Given information: Begin
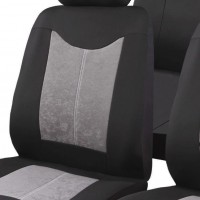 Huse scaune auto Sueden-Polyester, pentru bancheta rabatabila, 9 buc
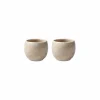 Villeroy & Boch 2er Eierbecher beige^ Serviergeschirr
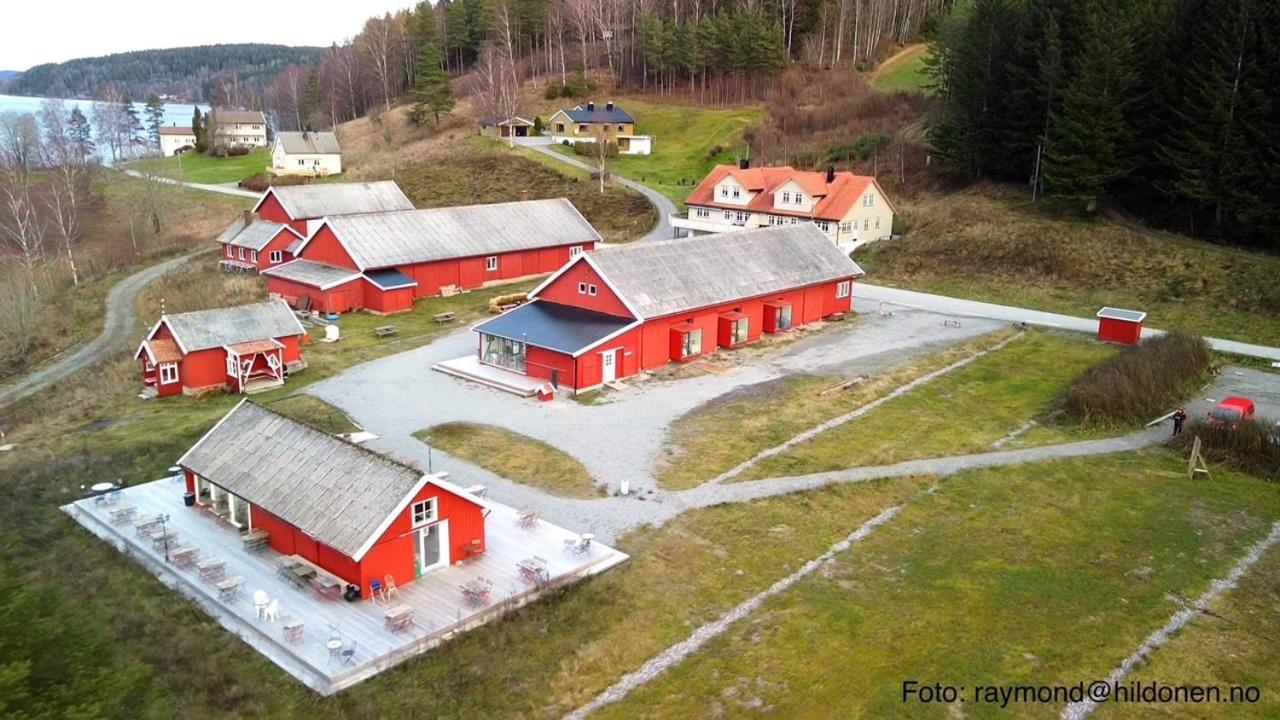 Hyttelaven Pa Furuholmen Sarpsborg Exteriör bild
Given information: End
— Task instructions —
Restate verbatim the lines that begin at the one holding "Villeroy & Boch" and end at the last line of the material. Exclude pictures.

— Answer section —
 Villeroy & Boch 2er Eierbecher beige^ Serviergeschirr
 Hyttelaven Pa Furuholmen Sarpsborg Exteriör bild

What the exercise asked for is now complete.